A copy of the listing below is needed, exact in every line and without images.

· · · · · · ·

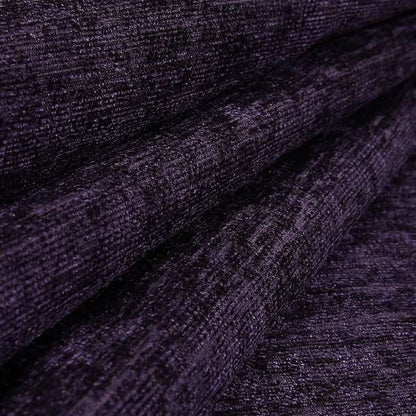 Otley Softy Shiny Chenille Upholstery Furnishing Fabric In Purple Colour - Made To Measure Curtains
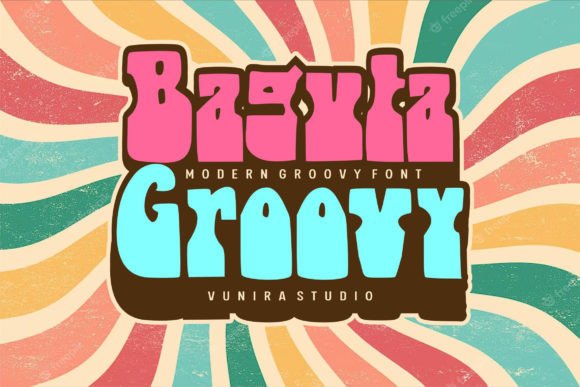 Baguta Groovy Font for Creative Projects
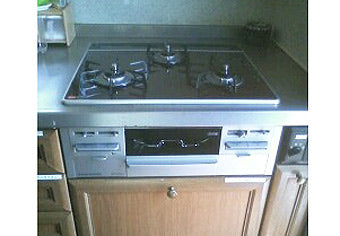 ビルトインガスコンロ交換工事　静岡県静岡市　RS31W13K10R-V(L/R) - After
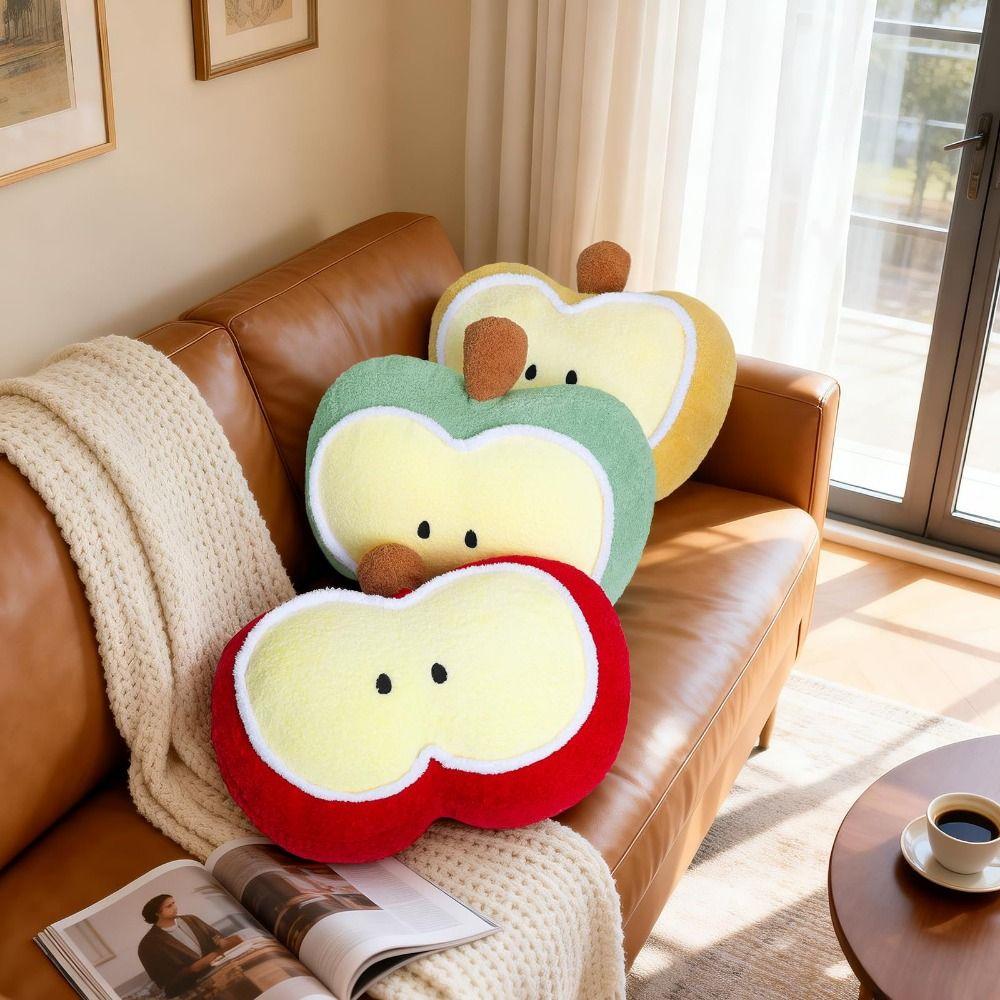 Cuscino Peluche Frutta Cuscino Imbottito Cuscino Decorativo Carino Cuscino per Seduta Ufficio Per Soggiorno Divano Letto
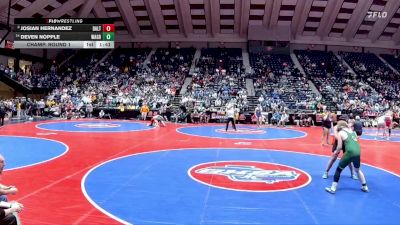 4A-215 lbs Champ. Round 1 - Josian Hernandez, Dalton vs Deven Nopple, Walnut Grove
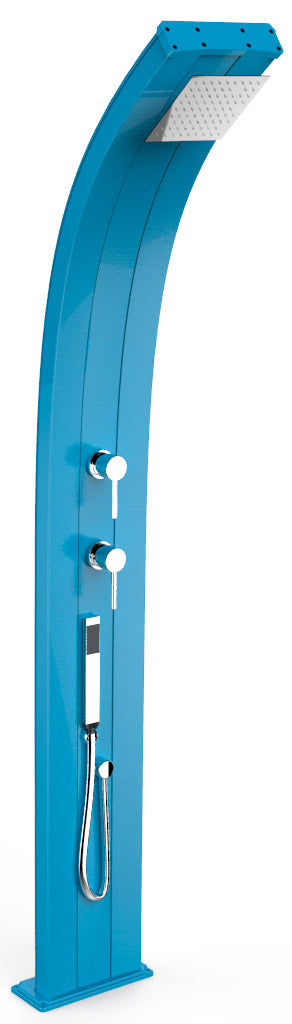 Doccia da Esterno Giardino Miscelatore e Doccetta Mobile Arkema Dada Blu sconto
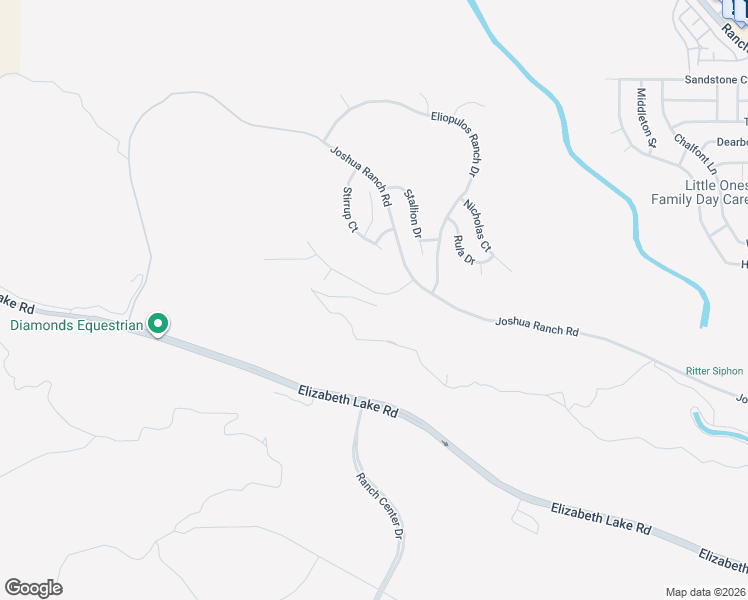 map of restaurants, bars, coffee shops, grocery stores, and more near 3884 Saddle Drive in Palmdale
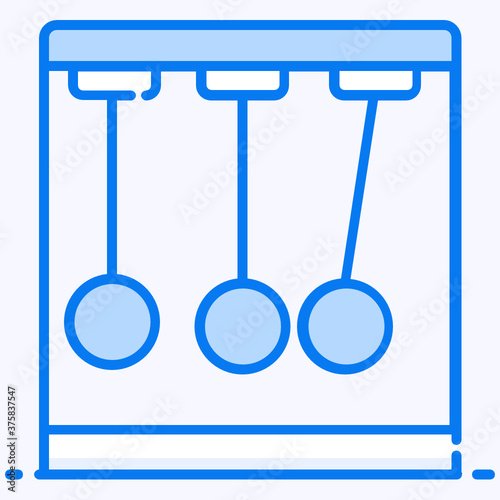 
A weight suspended body, pendulum vector in icon
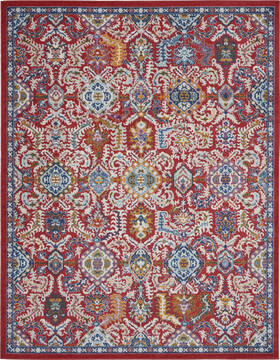 Nourison Passion Red Rectangle 8x10 ft Polypropylene Carpet 142171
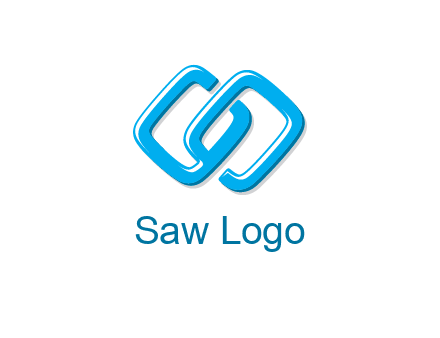 logo with two connected chain links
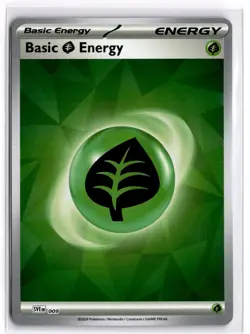 Basic Grass Energy - Stellar Crown - 009 - Pokemon TCG - LP - Reverse Holo - Image 1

· · · · · · ·

Task answer:
 Otley Softy Shiny Chenille Upholstery Furnishing Fabric In Purple Colour - Made To Measure Curtains
 Baguta Groovy Font for Creative Projects
 ビルトインガスコンロ交換工事　静岡県静岡市　RS31W13K10R-V(L/R) - After
 Cuscino Peluche Frutta Cuscino Imbottito Cuscino Decorativo Carino Cuscino per Seduta Ufficio Per Soggiorno Divano Letto
 4A-215 lbs Champ. Round 1 - Josian Hernandez, Dalton vs Deven Nopple, Walnut Grove
 Doccia da Esterno Giardino Miscelatore e Doccetta Mobile Arkema Dada Blu sconto
 map of restaurants, bars, coffee shops, grocery stores, and more near 3884 Saddle Drive in Palmdale
A weight suspended body, pendulum vector in icon
 Nourison Passion Red Rectangle 8x10 ft Polypropylene Carpet 142171
 logo with two connected chain links
 Basic Grass Energy - Stellar Crown - 009 - Pokemon TCG - LP - Reverse Holo - Image 1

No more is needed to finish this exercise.